A Cina è accusato di utilizzare reti cellulari nei Caraibi spiare i cittadini Americani negli Stati Uniti. La scoperta è stata fatta da un analista di rete mobile e rivelata dal quotidiano britannico The Guardian.

Secondo la pubblicazione, le informazioni mostrano che il Paese asiatico ha sfruttato la vulnerabilità delle reti telefoniche per effettuare attacchi di sorveglianza di massa tra il 2018 e il 2020.

Secondo Gary Miller, ex dirigente della sicurezza delle reti mobili che ha effettuato l'analisi, la Cina è stata in grado di intercettare e spiare le chiamate degli americani che utilizzavano alcuni operatori di telefonia mobile. Voi hacker Sarebbero anche in grado di utilizzare uno strumento per determinare la posizione dei dispositivi di alcune persone. Tutto questo sarebbe stato orchestrato nei Caraibi.
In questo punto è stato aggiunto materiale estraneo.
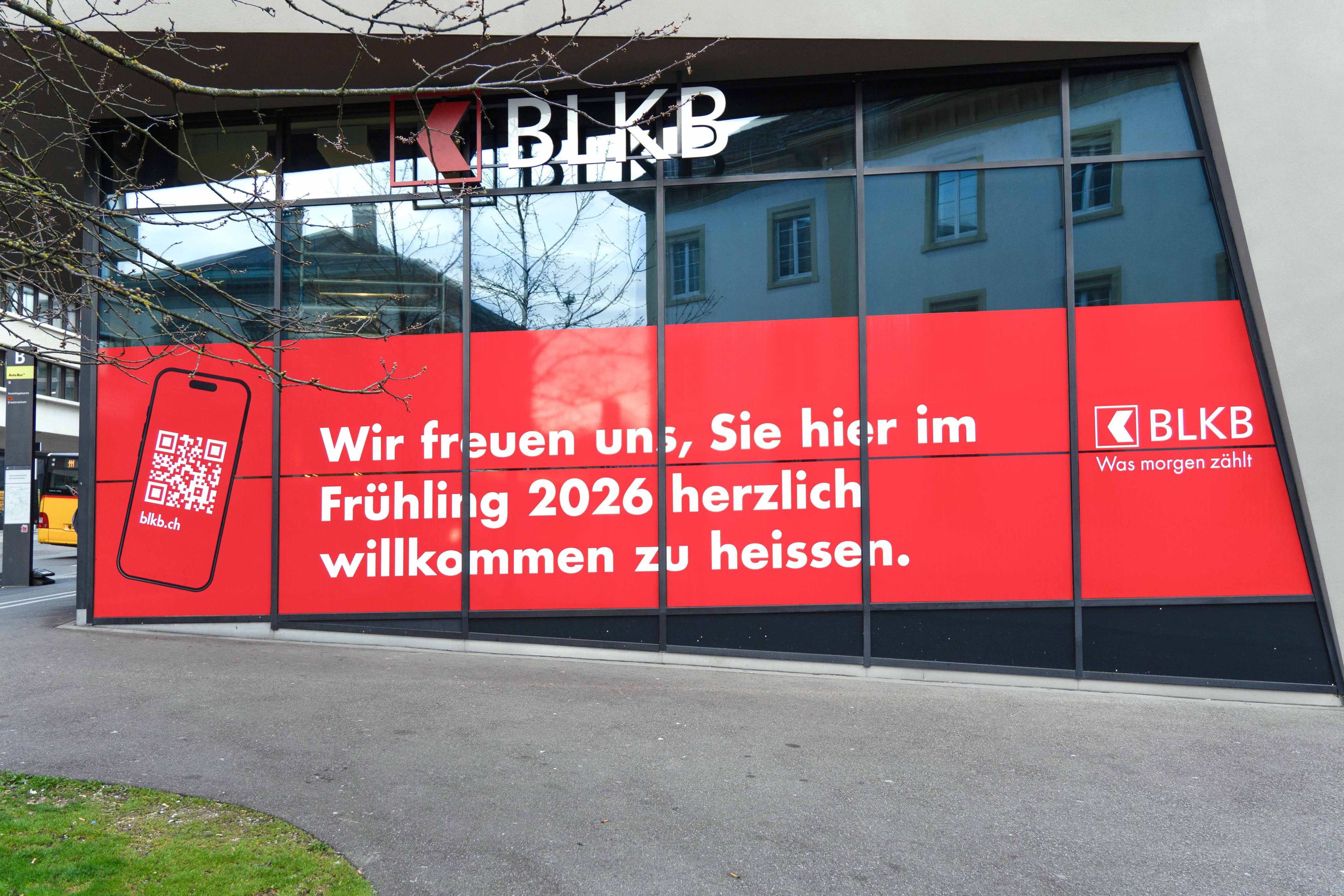 Fensterfront mit roten Werbebanner der BLKB-Niederlassung in Liestal und QR-Code zu blkb.ch.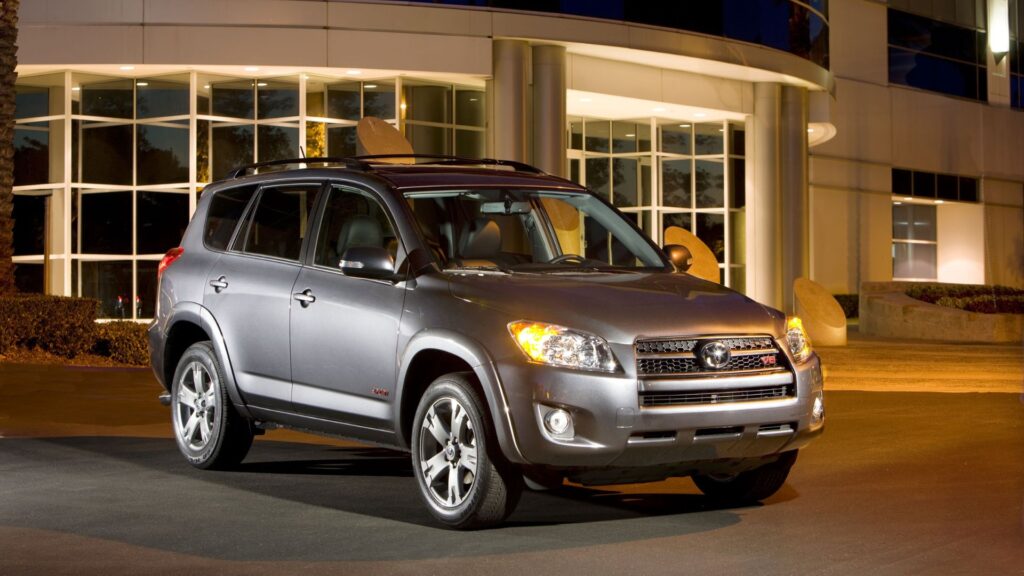 Toyota RAV4 2010 cinza parado na diagonal á noite.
"Le agenzie governative e il Congresso sono a conoscenza delle vulnerabilità della rete mobile da anni", ha affermato l'esperto. “Le raccomandazioni di sicurezza formulate dal nostro governo non sono state seguite e non sono sufficienti per fermare gli aggressori”.
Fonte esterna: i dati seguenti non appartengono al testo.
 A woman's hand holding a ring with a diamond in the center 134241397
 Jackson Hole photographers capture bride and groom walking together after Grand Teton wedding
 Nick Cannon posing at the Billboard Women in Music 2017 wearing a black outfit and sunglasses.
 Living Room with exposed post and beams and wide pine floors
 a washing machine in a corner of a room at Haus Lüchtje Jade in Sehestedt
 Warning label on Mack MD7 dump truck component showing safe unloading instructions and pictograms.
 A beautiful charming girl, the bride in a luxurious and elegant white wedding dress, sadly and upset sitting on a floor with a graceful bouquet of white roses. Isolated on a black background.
Miller ha continuato affermando che gli operatori wireless statunitensi possono bloccare con successo molti di questi tentativi di hacking, ma ritiene che gli Stati Uniti non siano andati abbastanza lontano per proteggere gli utenti.

“Nessuno nel settore vuole che il pubblico conosca la gravità degli attacchi di sorveglianza in corso. Voglio che il pubblico lo sappia”, ha aggiunto, spiegando che per spiare gli americani venivano utilizzate soprattutto le reti 3G e 4G.

Attacchi dal 2018

Gli attacchi sarebbero iniziati nel 2018, dove hanno raggiunto il picco, colpendo migliaia di utenti, le invasioni sono continuate nel 2019 e nel 2020, ma con minore frequenza. “La Cina ha ridotto i volumi degli attacchi nel 2019, favorendo uno spionaggio più mirato e probabilmente utilizzando reti proxy nei Caraibi per condurre i suoi attacchi”, ha aggiunto Miller.
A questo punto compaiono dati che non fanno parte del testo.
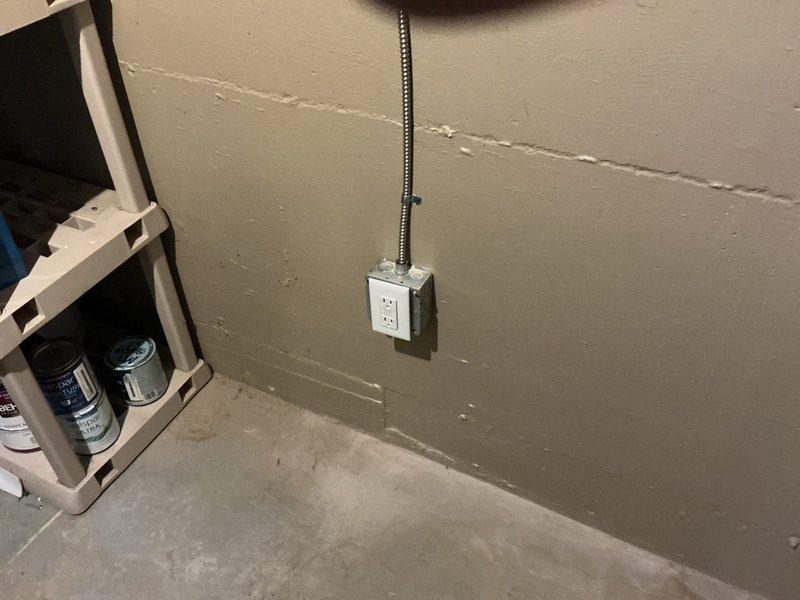Installed one GFCI outlet in basement utility area for sump pump protection per quoted scope. Ran flexible metal conduit from new outlet box to power source, properly securing all components to wall surface. All work completed in accordance with electrical code requirements.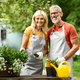 Portrait Of Smiling Senior Couple Planting Flowers Together Their In Garden - PhotoDune Item for Sale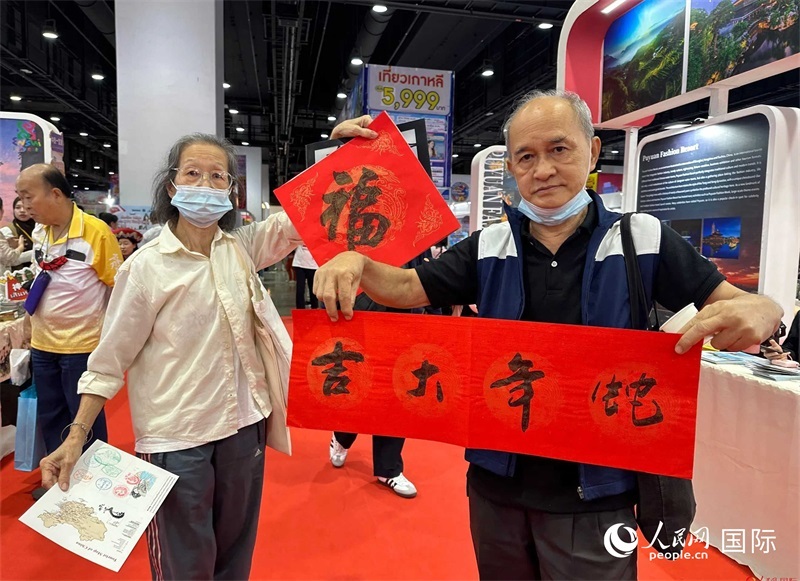 2025蛇年春節(jié)，泰國市民展示他們領(lǐng)到的華人手寫春聯(lián)。人民網(wǎng)記者 簡承淵攝
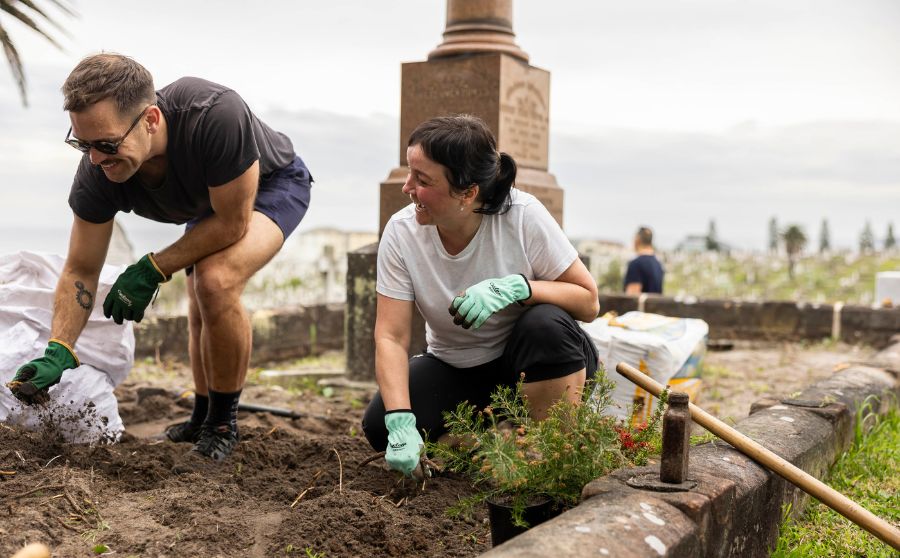 Two people participating in corporate volunteering program at Waverley Cemetery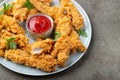 Breaded chicken strips with tomato ketchup on a white plate. Fast food on dark brown background. Top view with copy space Royalty Free Stock Photo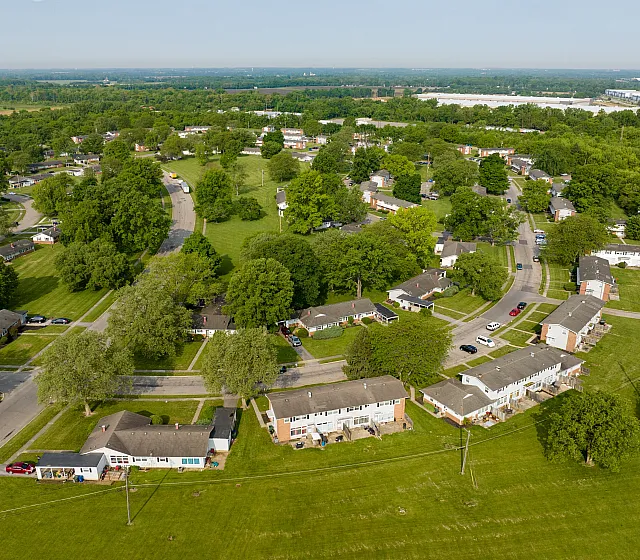Aerial view of a lush suburban neighborhood with tree-lined streets and spacious homes.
Per effettuare lo spionaggio, l'esperto ritiene che la Cina abbia affittato reti da operatori caraibici, ma ha condannato le operazioni utilizzando China Unicom, società già accusata in altre occasioni di violazione della privacy.

In contatto con The Guardian, la società afferma di "confutare fermamente le accuse secondo cui China Unicom avrebbe intrapreso attacchi di sorveglianza attiva contro gli abbonati mobili statunitensi che utilizzavano l'accesso alle reti di telecomunicazioni internazionali".

L'ambasciata cinese a Washington ha inoltre affermato che: “La posizione del governo cinese sulla sicurezza informatica è coerente e chiara. Ci opponiamo e combattiamo fermamente gli attacchi informatici di qualsiasi tipo. La Cina è un convinto difensore della sicurezza informatica”.

Da aprile, la Federal Communications Commission (FCC) degli Stati Uniti ha indagato sui sospetti secondo cui China Union avrebbe utilizzato la sua tecnologia per spiare gli americani. La nuova scoperta potrebbe far crescere gli Stati Uniti sanzioni contro il Paese asiatico.